Uppermost House: No more thin soup!

By S. Peter Lewis

BN Columnist

I love the written word, but much of the inky letters that dry on paper these days (or the bits of binary code that fly through cyberspace: OMG, LOL) have no meat on their bones; they’re just thin soup. There’s no richness, no vividicity, and few dogfights; the pictures that pop into our heads when reading such pabulum drivel are mundane: paint drying, white bread, and low tide. Verbs don’t even verb anymore: instead of skipping and shouting and beckoning frantically (yes, even adverbs have their place), today’s verbs just go and say and barely wave.

Hey, people (I’m shouting, now), use your shift/F7 key (synonyms) and bookmark thesaurus.com! Don’t just go — sprint, skip, frolic and cavort! Don’t just say — holler! Don’t just be glad — rejoice! Let’s heave (put) some chunks of flesh (meat) into the consommé (thin soup) of our marvelous language!

Here are a few outtakes from recent readings to grease your gears.

“Shrouded in the black thunderheads the distant lightning glowed mutely like welding seen through foundry smoke.
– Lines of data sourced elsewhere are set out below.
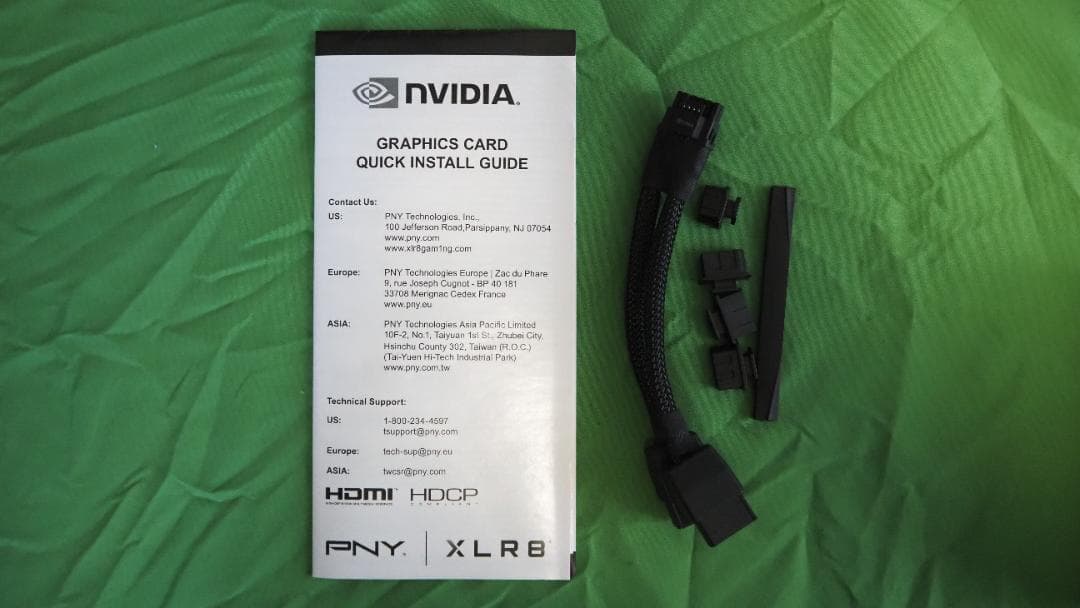 グラフィックボード・グラボ・ビデオカード RTX 4070 SUPER 12GB VERTO OC Dual Fan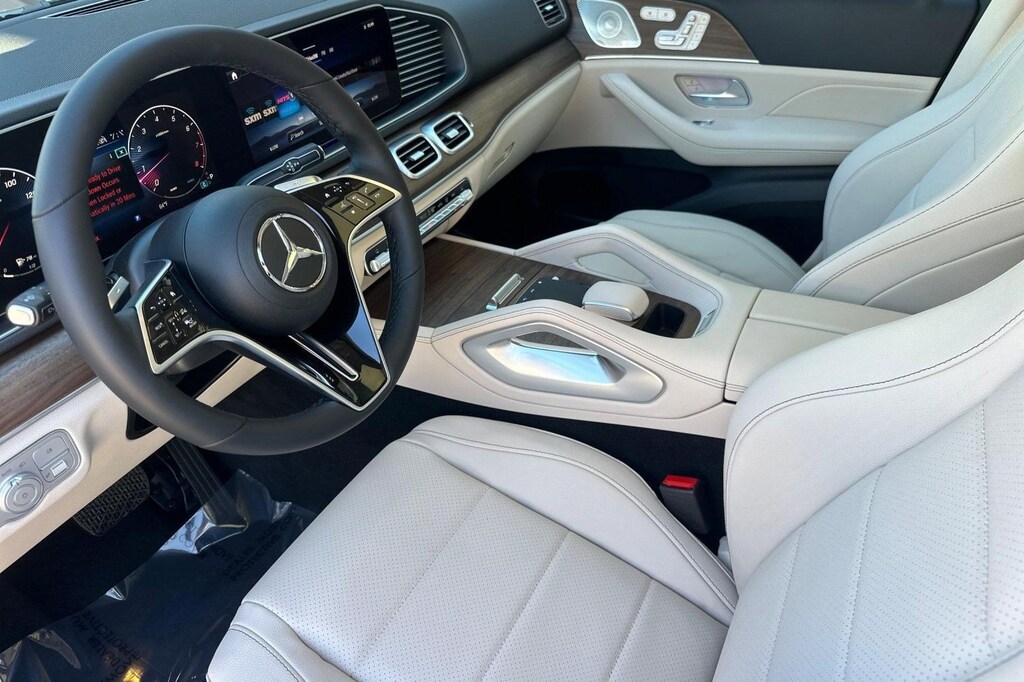 New 2026 Mercedes-Benz GLE 450 4MATIC SUV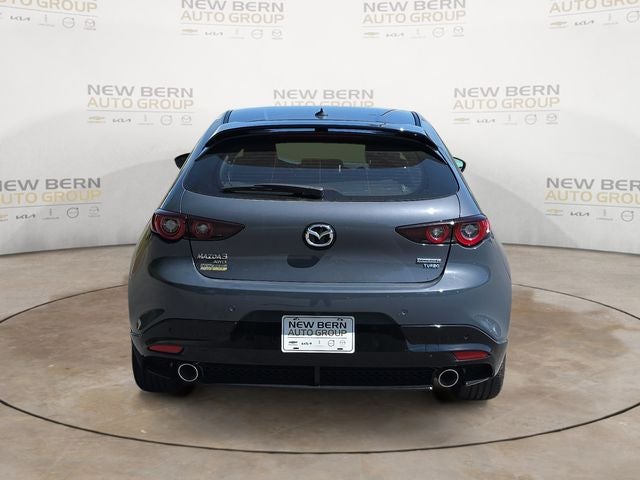 2026 Mazda Mazda3 2.5 Turbo Premium Plus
As if repairs were underway at some flawed place in the dark iron of the world.” (Cormac McCarthy, All the Pretty Horses)
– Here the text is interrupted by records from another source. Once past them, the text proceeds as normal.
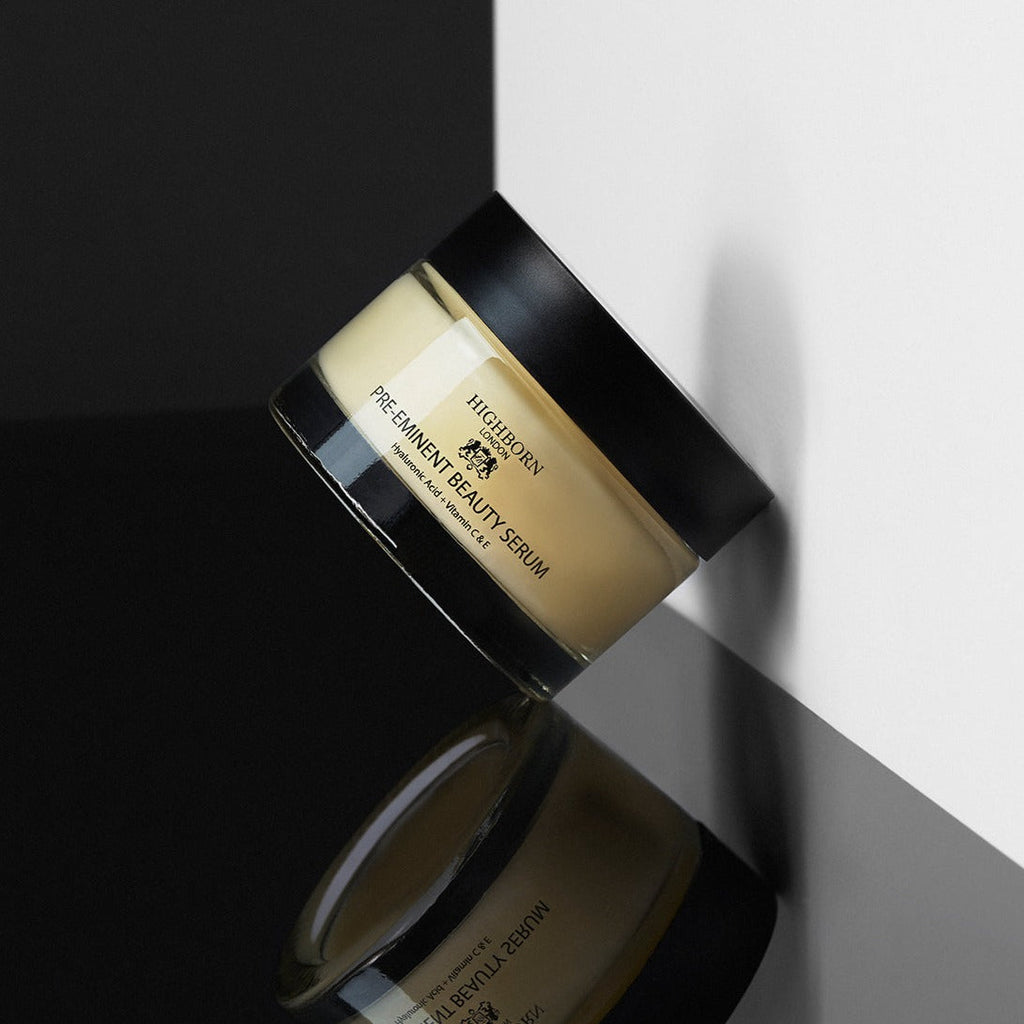 Highborn Pre-Eminent Beauty Serum jar product image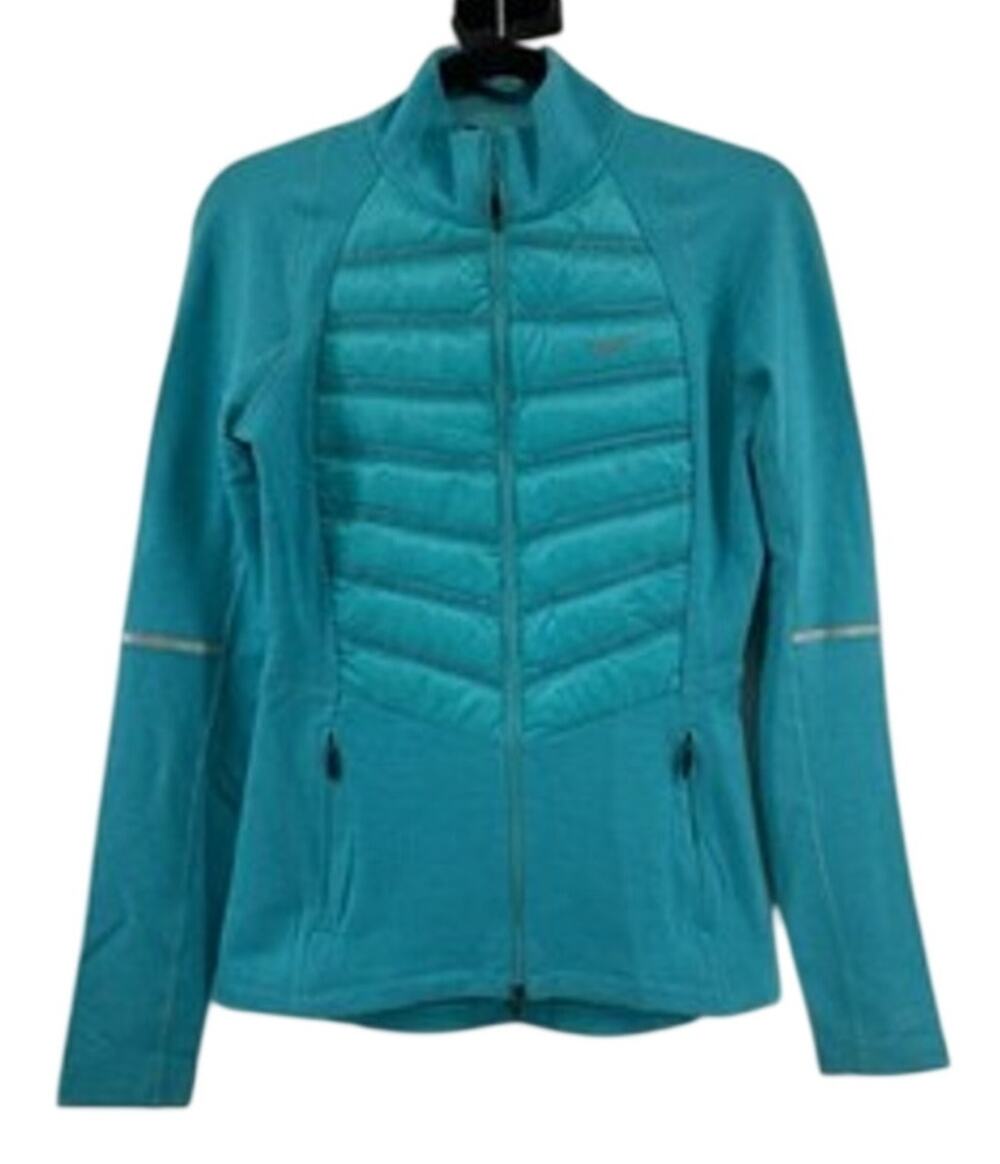 Nike Aeroloft 800 Running Women's Hybrid Jacket S Marathon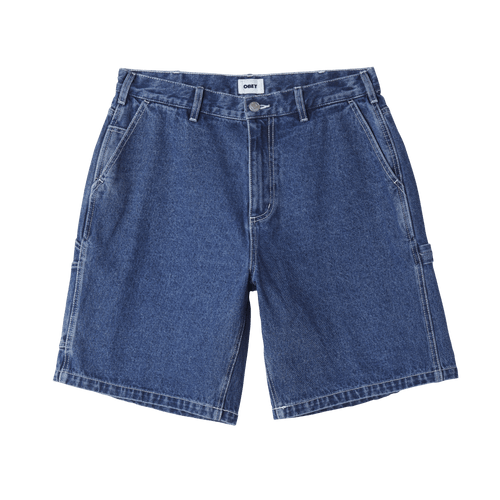 short obey BIGWIG DENIM CARPENTER SHORT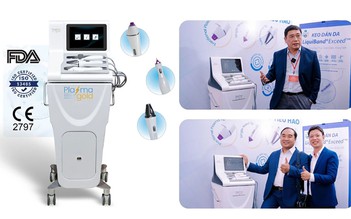 Plasma Gold - Hành trình làm đẹp chuẩn y khoa tại Việt Nam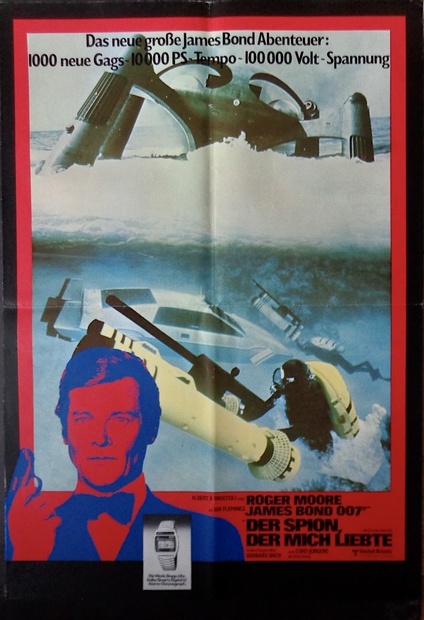 The Spy Who Loved Me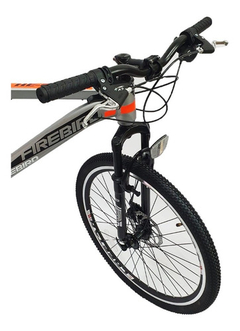 Bicicleta MTB Fire Bird HE-2021 - Rodado 26 - Cuadro de Aluminio! - Koval Bikes
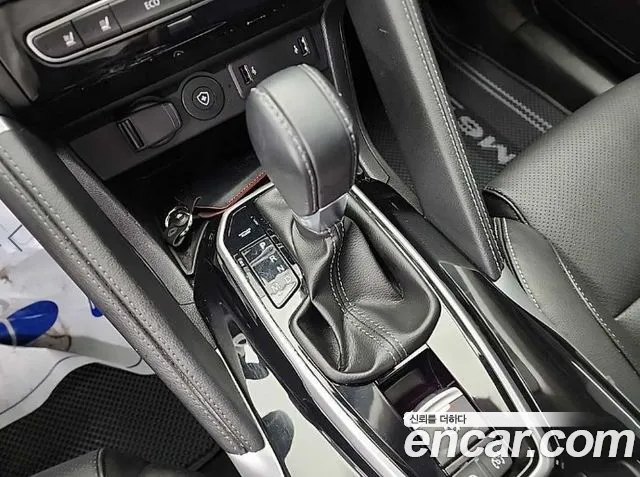 Renault-KoreaSamsung QM6 Новый QM6 — Фото автомобиля 8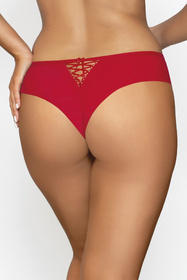 Stringi PariPari Candice pink-red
“Spring came to me like a liberation, the first gulp of air after diving too deep,” and  “[the sparrows] were drawn to the hawk like iron filings to a magnet,” and “The Milky Way was no longer milky; it had curdled, solidified like scrambled eggs in a pan. I would step outside on a clear night and it would make me gasp.” (Neil Ansell, Deep Country)

“Hive-spangled, gut roaring with gas and cramp, he survived childhood; at the state university, hand clapped over his chin, he camouflaged torment with smiles and silence. Stumbled through his twenties and into his thirties learning to separate his feelings from his life, counting on nothing. He ate prodigiously, liked a ham knuckle, buttered spuds.” (E. Annie Proulx, opening to The Shipping News)
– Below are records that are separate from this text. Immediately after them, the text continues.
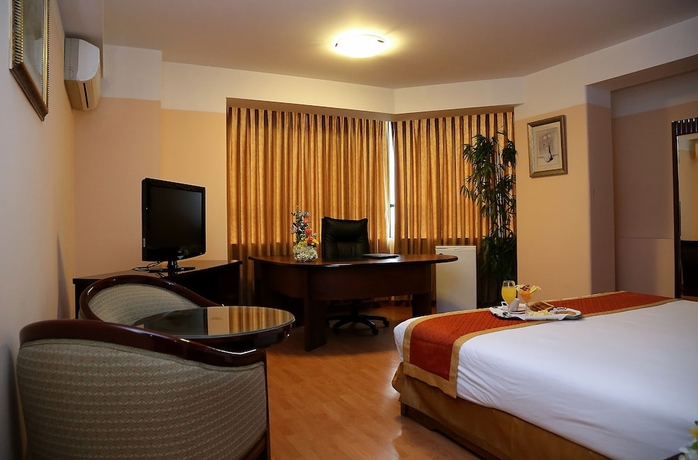 Imagen de la habitación del Hotel La Princesa, Lima Metropolitana. Foto 10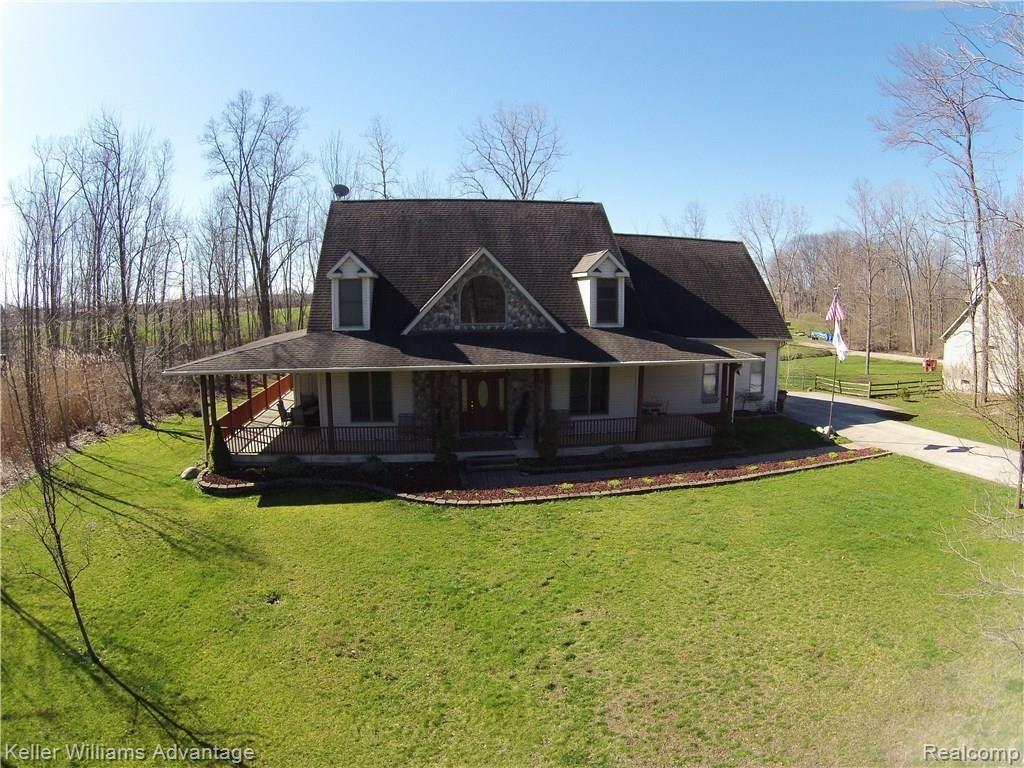 390 Fessner Road Carleton, MI 48117 - Photo 59 of 70 390 Fessner20.JPG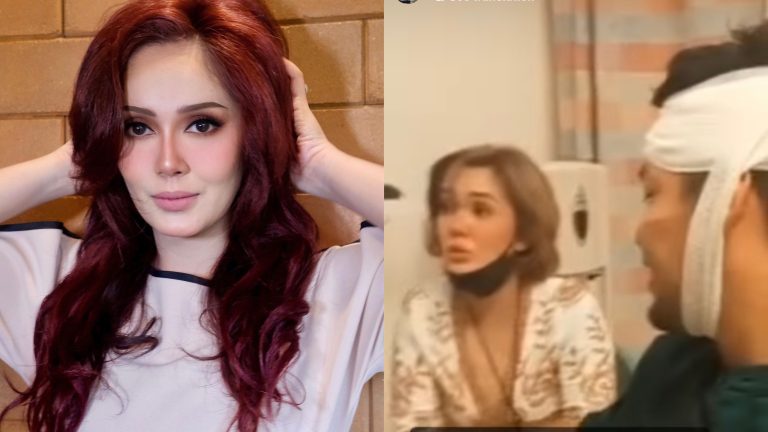 Uqasha Senrose trauma, menggigil tengok Kamal Adli berlumuran darah, mohon orang ramai terus doakan kesembuhan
“The seas are the heart’s blood of the earth. Plucked up and kneaded by the sun and the moon, the tides are systole and asystole of earth’s veins.” (Henry Beston, The Outermost House)

“In 1949, the smokejumpers were not far from their origins as parachute jumpers turned stunt performers dropping from the wings of planes at county fairs just for the hell of it plus a few dollars, less hospital expenses. They were still so young they hadn’t learned to count the odds and to sense that they might owe the universe a tragedy.” (Norman Maclean, Young Men and fire)

“Unscathed, the fearless space explorer emerges from the smoldering wreckage! He’s marooned on a hostile world! Scorched by twin suns, the planet is nothing but barren rock and methane! There is no hope of finding food or water!” (Bill Watterson, The Authoritative Calvin and Hobbes)

So, when you write (and we all do), write like that: with vigor, vibrancy, and pith. Be tabasco sauce, not oatmeal. Cultivate awareness as you would rare orchids: “I learned to be like a ship’s rat, veined ears trembling, and I learned to scribble it all down.” (Anne Lamott, Bird by Bird). Weld pictures into people’s heads and then yank their jaws down to the floor with simile, metaphor, and the occasional fragment. Be bold, perhaps even a little odd.

There’s sometimes a guy that prances back and forth at the corner of Main and Depot Streets, sucking vanilla pudding out of a cracked mayonnaise jar through a length of old garden hose just to make people think he’s nuts — write as he would write.